Problem description
Leave the pictures aside and copy all the data exactly.

Data

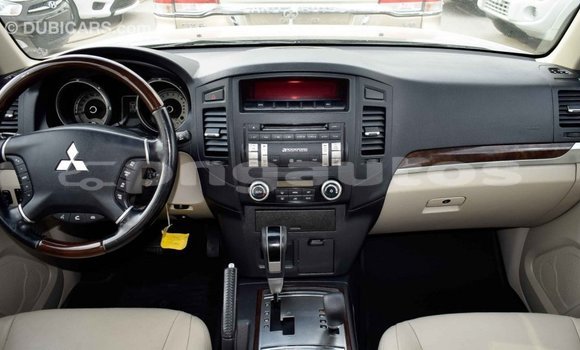 Buy Import Mitsubishi Pajero Black Car in Import - Dubai in Enga Buy Import Mitsubishi Pajero Black Car in Import - Dubai in Enga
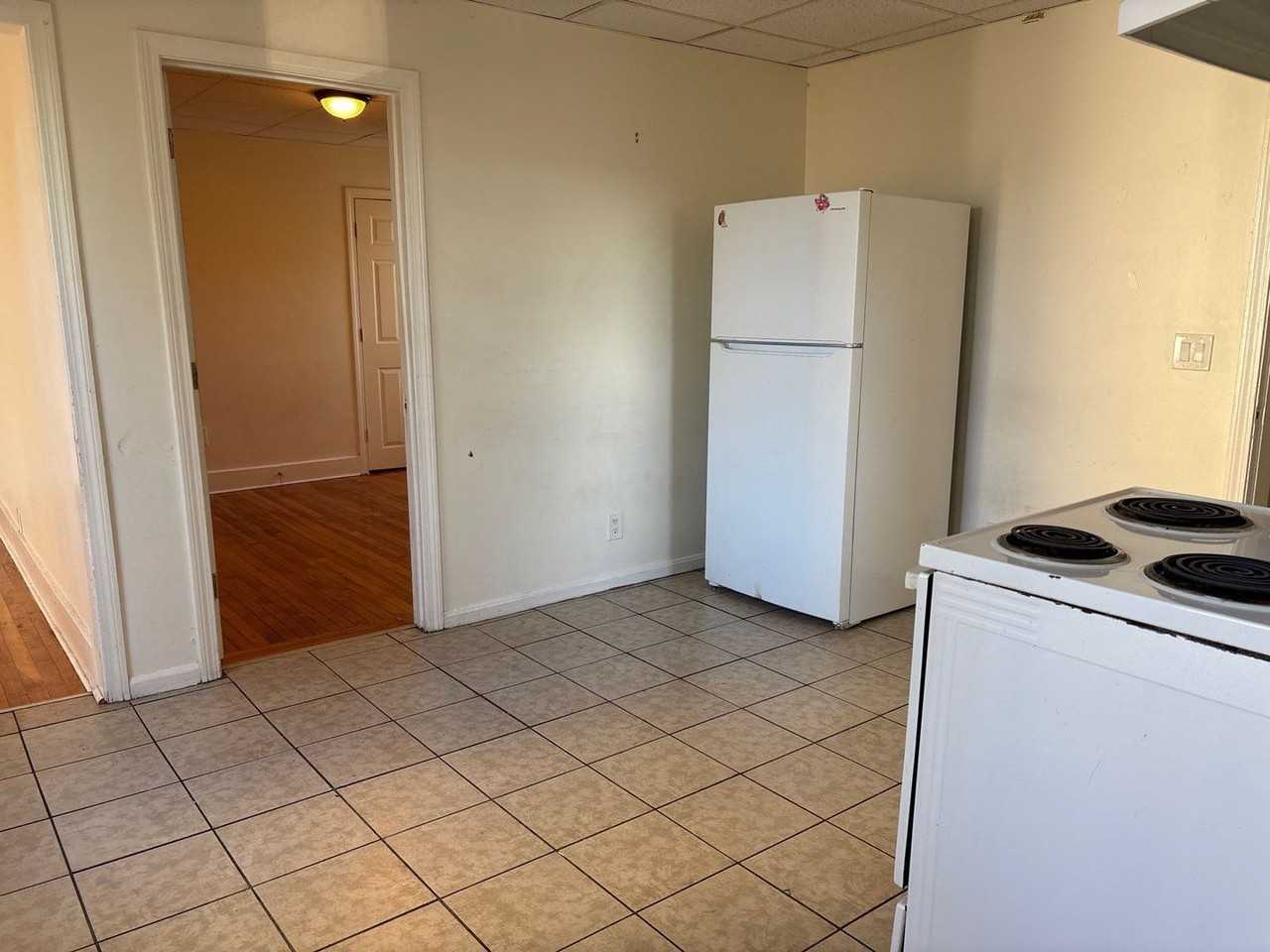 6 Dorchester St - Photo 4 of 25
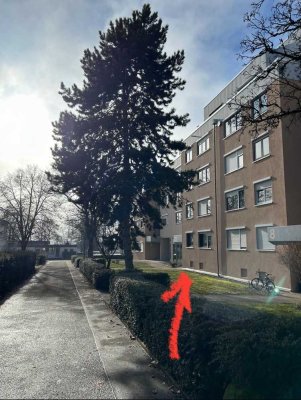 Helle eineinhalb EG-Zimmerwohnung mit in sanierter Wohnanlage im ruhigen Herrenberg (Ziegelfeld) …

Result
 Buy Import Mitsubishi Pajero Black Car in Import - Dubai in Enga Buy Import Mitsubishi Pajero Black Car in Import - Dubai in Enga
 6 Dorchester St - Photo 4 of 25
 Helle eineinhalb EG-Zimmerwohnung mit in sanierter Wohnanlage im ruhigen Herrenberg (Ziegelfeld) …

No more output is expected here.